## [Task details]
Starting with the line that contains "Im zweiten Teil", copy each line exactly through the end of the listing, and omit all pictures.

BEGIN Input material

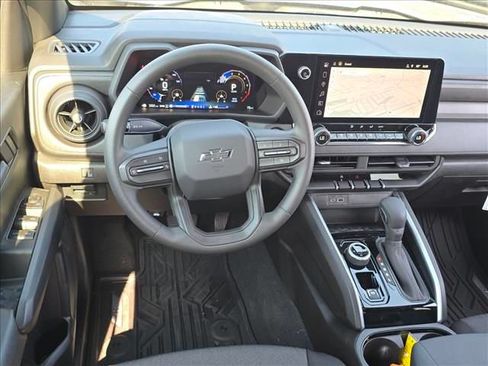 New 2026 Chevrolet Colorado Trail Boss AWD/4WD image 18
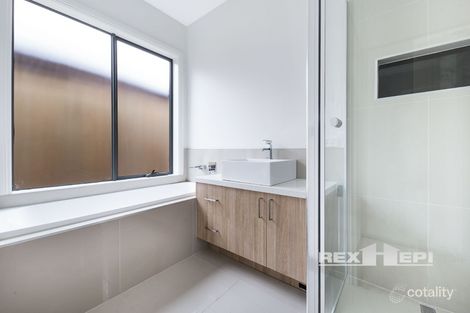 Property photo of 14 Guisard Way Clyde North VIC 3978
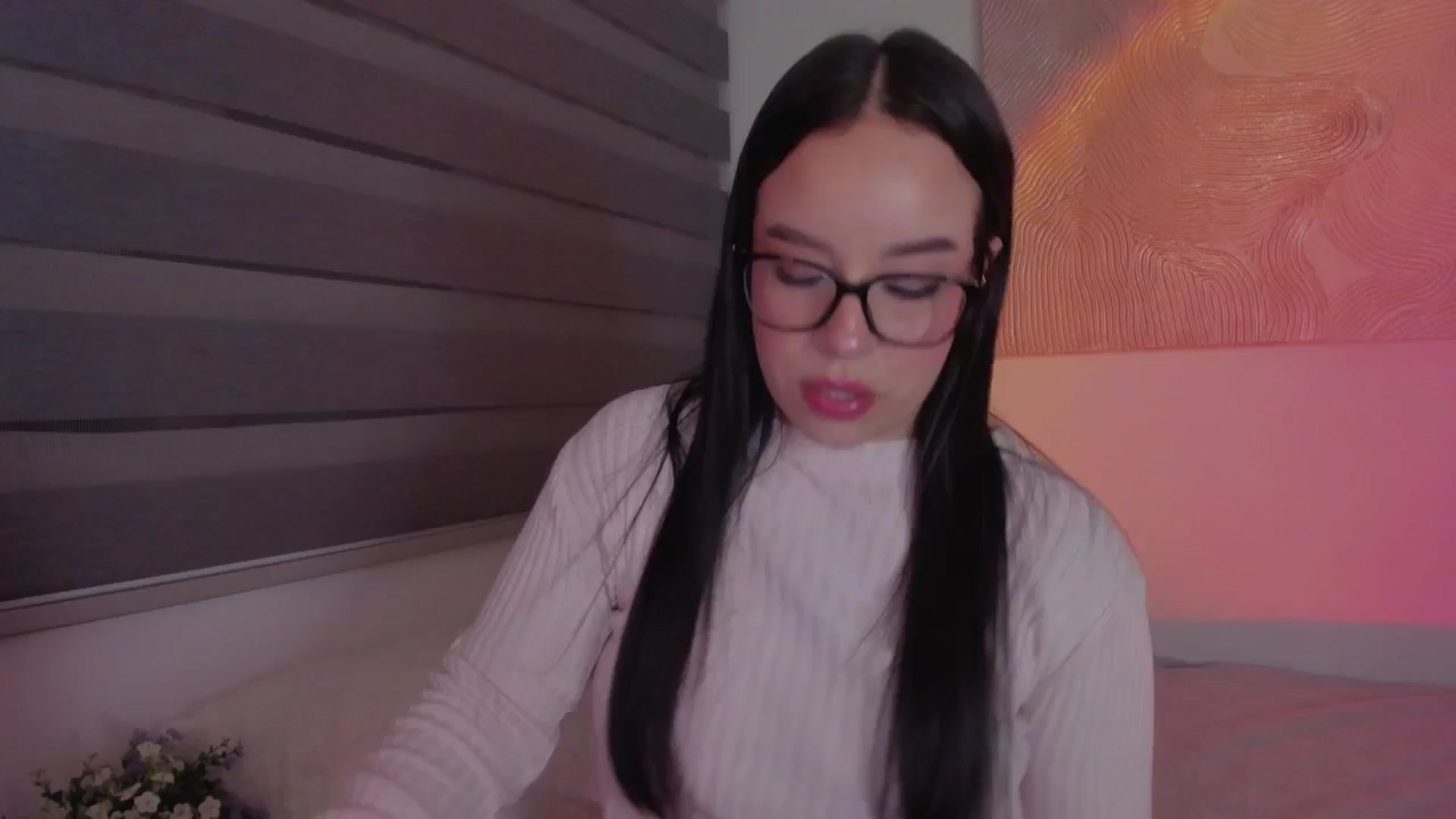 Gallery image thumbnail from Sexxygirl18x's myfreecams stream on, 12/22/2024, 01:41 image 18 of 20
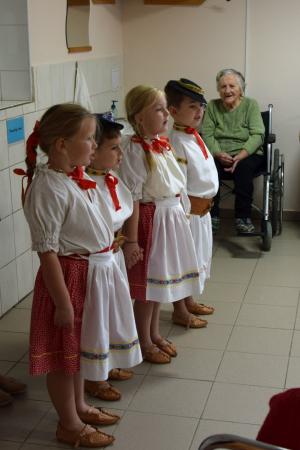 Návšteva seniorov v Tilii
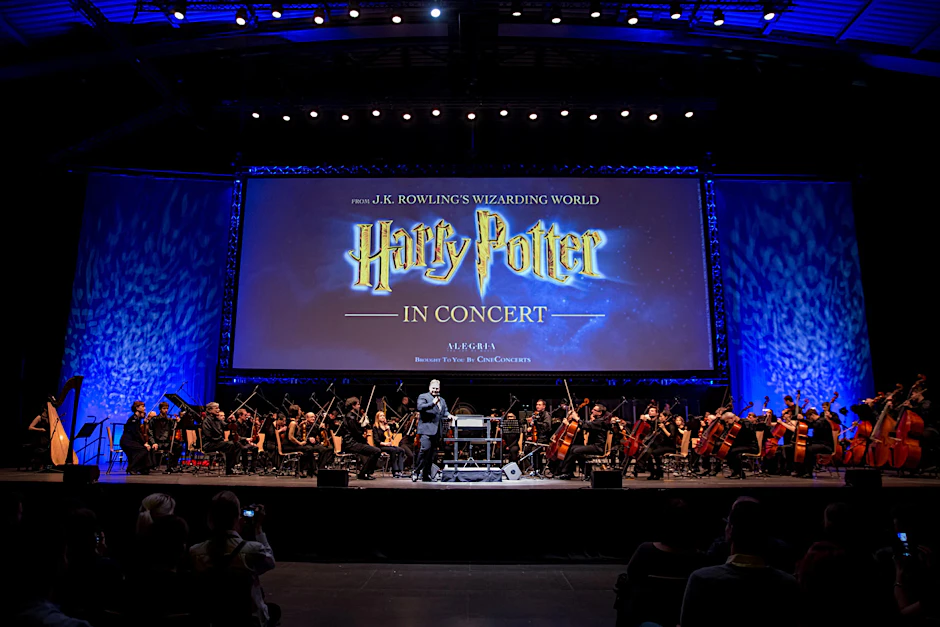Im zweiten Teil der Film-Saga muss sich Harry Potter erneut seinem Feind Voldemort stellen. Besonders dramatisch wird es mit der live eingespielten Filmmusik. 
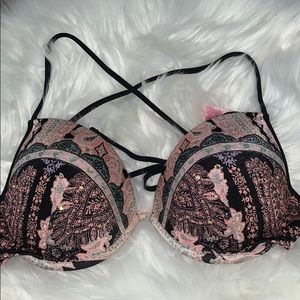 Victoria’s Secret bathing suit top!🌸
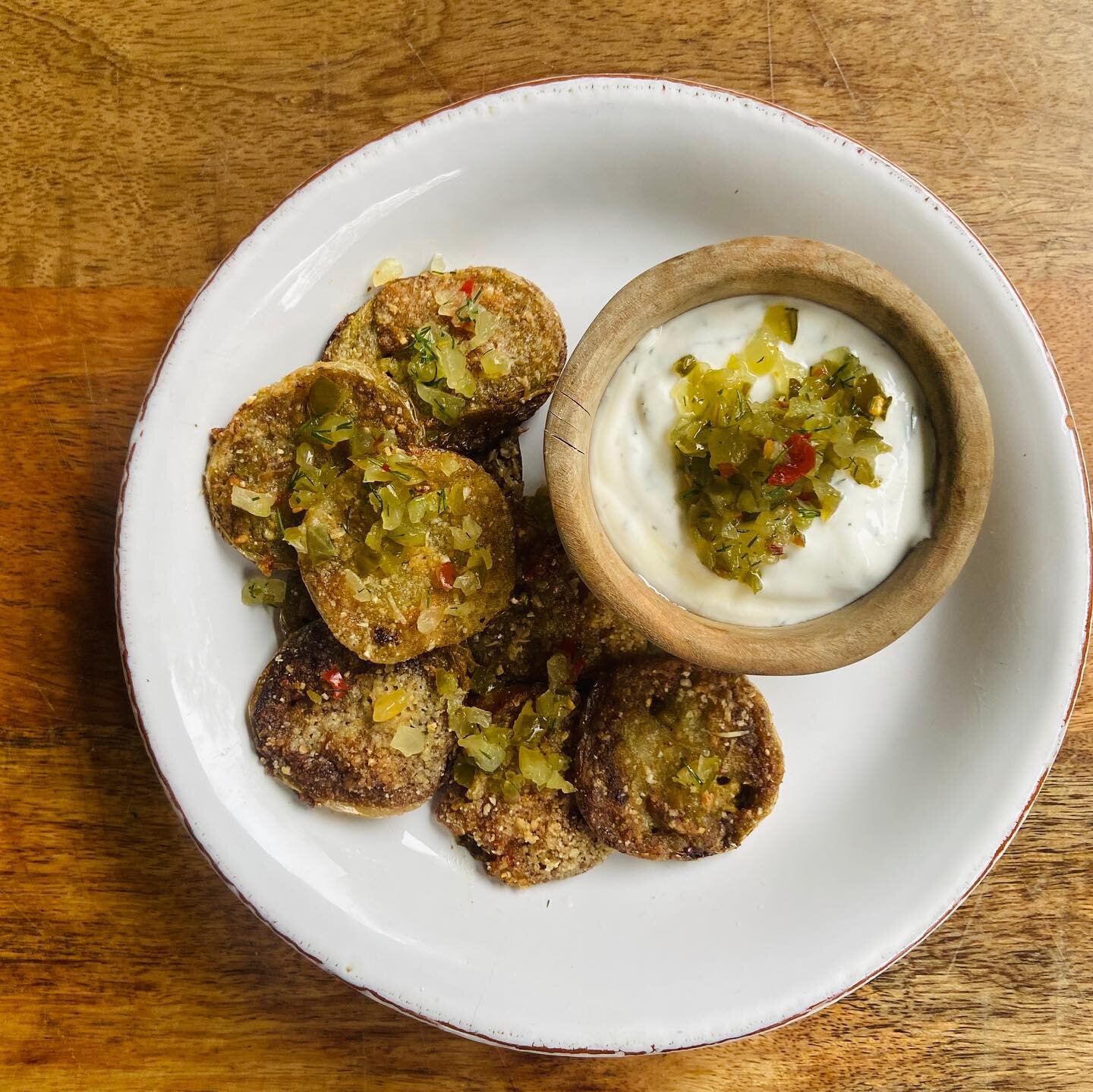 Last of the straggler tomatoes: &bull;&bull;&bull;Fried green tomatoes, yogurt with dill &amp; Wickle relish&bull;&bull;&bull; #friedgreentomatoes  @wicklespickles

END Input material

## [Reply]
Im zweiten Teil der Film-Saga muss sich Harry Potter erneut seinem Feind Voldemort stellen. Besonders dramatisch wird es mit der live eingespielten Filmmusik. 
 Victoria’s Secret bathing suit top!🌸
 Last of the straggler tomatoes: &bull;&bull;&bull;Fried green tomatoes, yogurt with dill &amp; Wickle relish&bull;&bull;&bull; #friedgreentomatoes  @wicklespickles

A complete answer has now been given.